Source records:
= Beginning of Section =

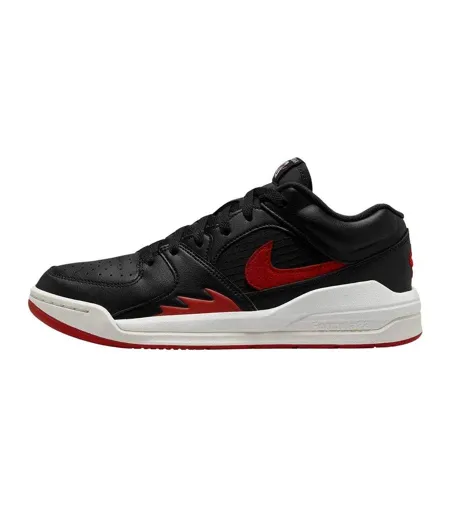 Womens/ladies Jordan Stadium 90 Swoosh Leather Trainers Black Red Nike
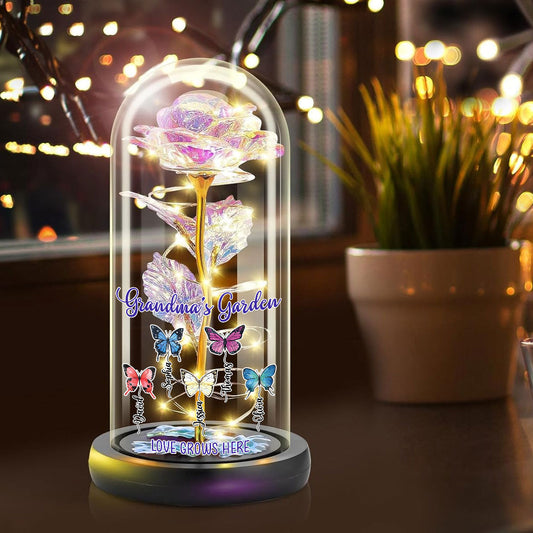 Love Grows Here - Personalized Custom Sparkly Rose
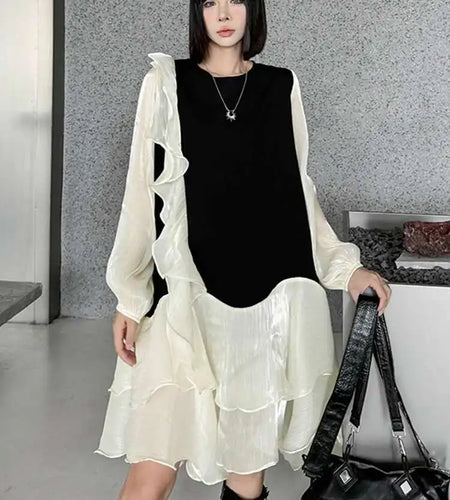 Women Black Ruffles Color-block Big Size Knee-Length Dress New Round Neck Long Sleeve Fashion Spring Autumn 2025 1DH7239
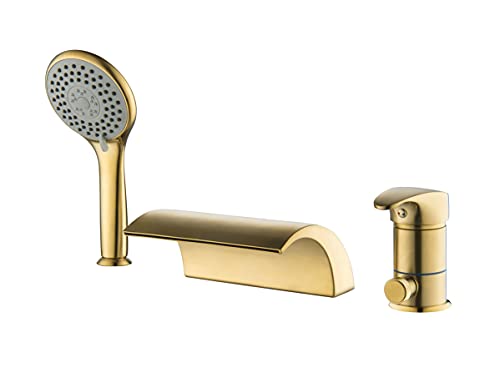 Roman Tub Faucet Brushed Gold Three Holes with Waterfall Tub Spout Filler with Hand Shower High Flow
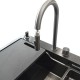 Multifunctional sink with pull-out spout and waterfall mixer, drainer, glass washing area, built-in detergent dispenser. 800x500x230 mm. Black. 20L.041.62 - 20. Kitchen sinks and vent hoods Multifunctional sink with pull-out spout and waterfall mixer, drainer, glass washing area, built-in detergent dispenser. 800x500x230 mm. Black. 20. Kitchen sinks and vent hoods
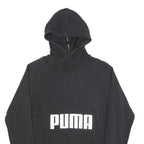PUMA Mens Black Cotton Blend Hoodie M Pullover Sweatshirt Logo Print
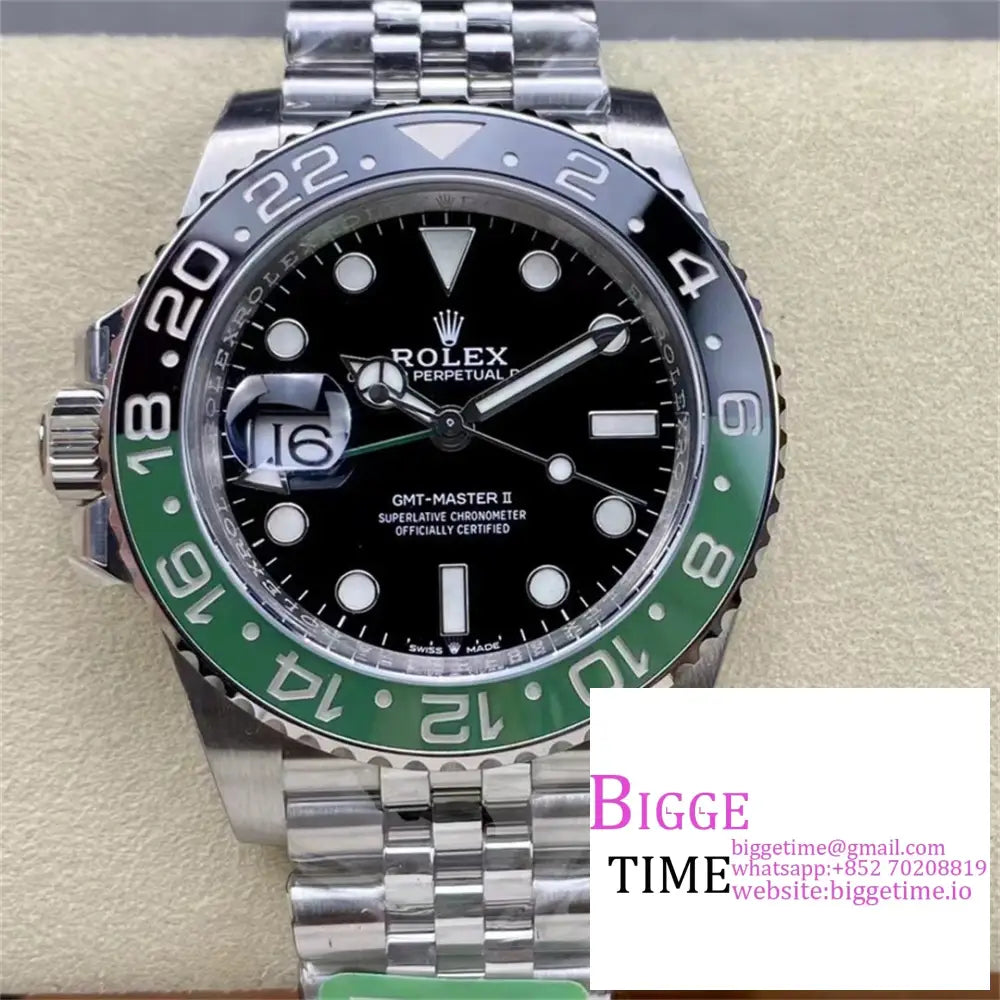 Gmt-Master Ii 126720 Vtnr 904L Sprite Black/Green Ceramic Bezel Jubilee Bracelet C + F Dd3285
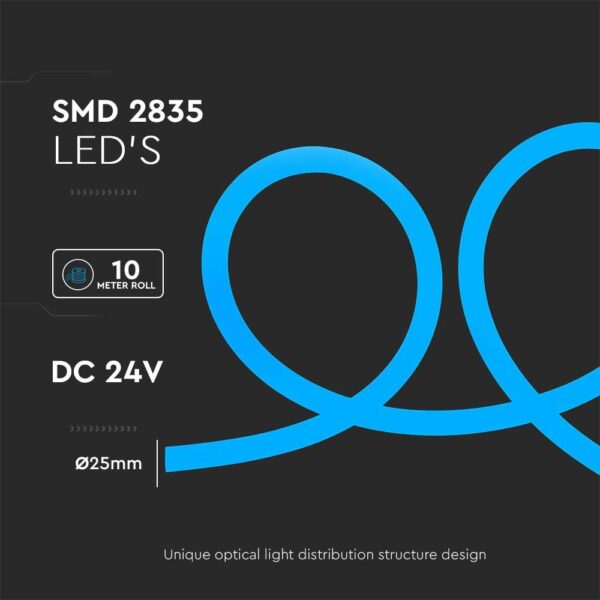 LED Neon Flex 12W V-TAC 24V 360° Μπλε 10 Μέτρα – 6872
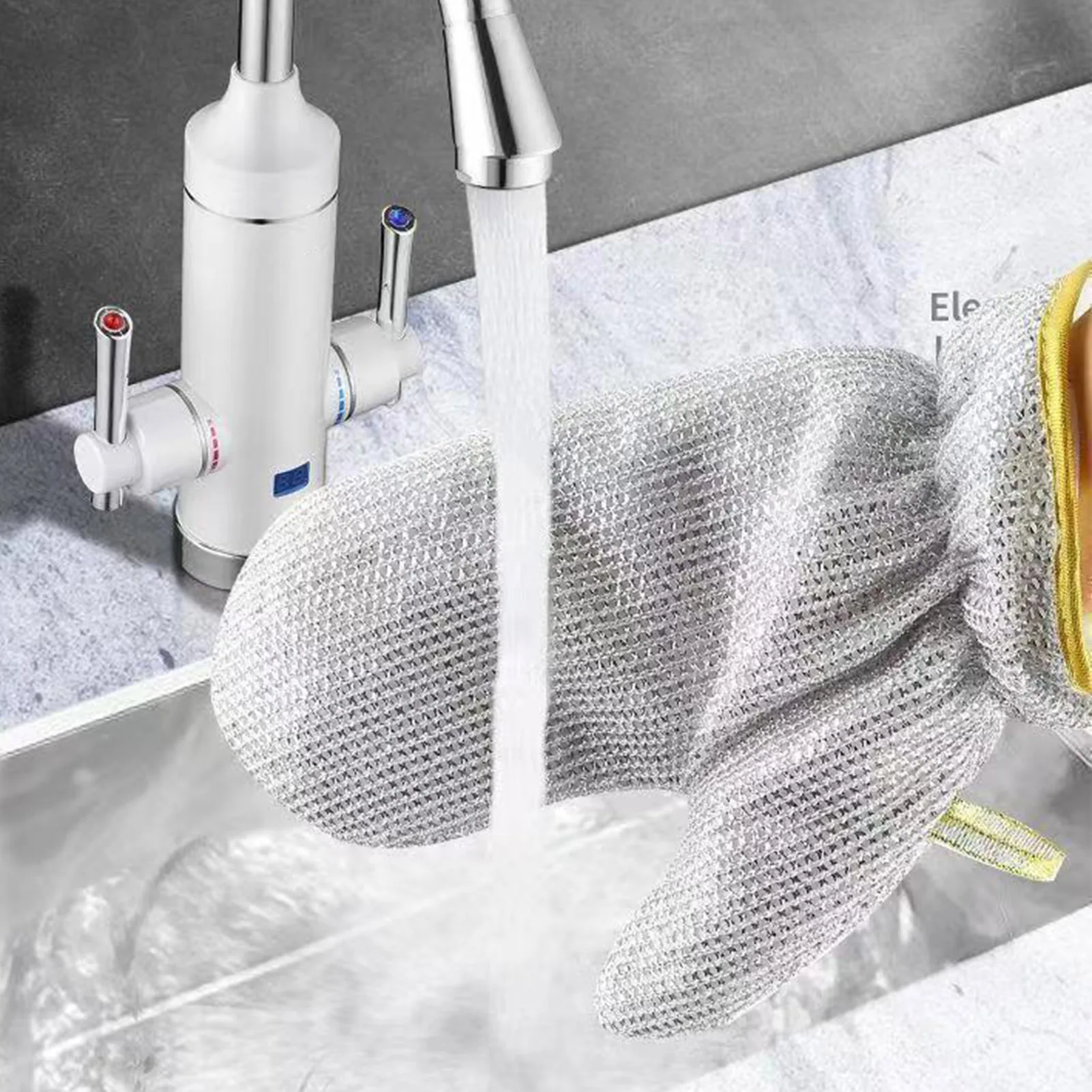 Aluminium folie Reinigungs tuch Handschuhe kratz feste Draht Geschirr tücher Handschuhe für Töpfe Pfannen Herd Image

= End of Section =

• **Task requirements**
What is needed is an exact copy of only the lines from the line containing "LED Neon Flex" through the last line of the entries, inclusive, without the pictures.

• **Problem solution**
 LED Neon Flex 12W V-TAC 24V 360° Μπλε 10 Μέτρα – 6872
 Aluminium folie Reinigungs tuch Handschuhe kratz feste Draht Geschirr tücher Handschuhe für Töpfe Pfannen Herd Image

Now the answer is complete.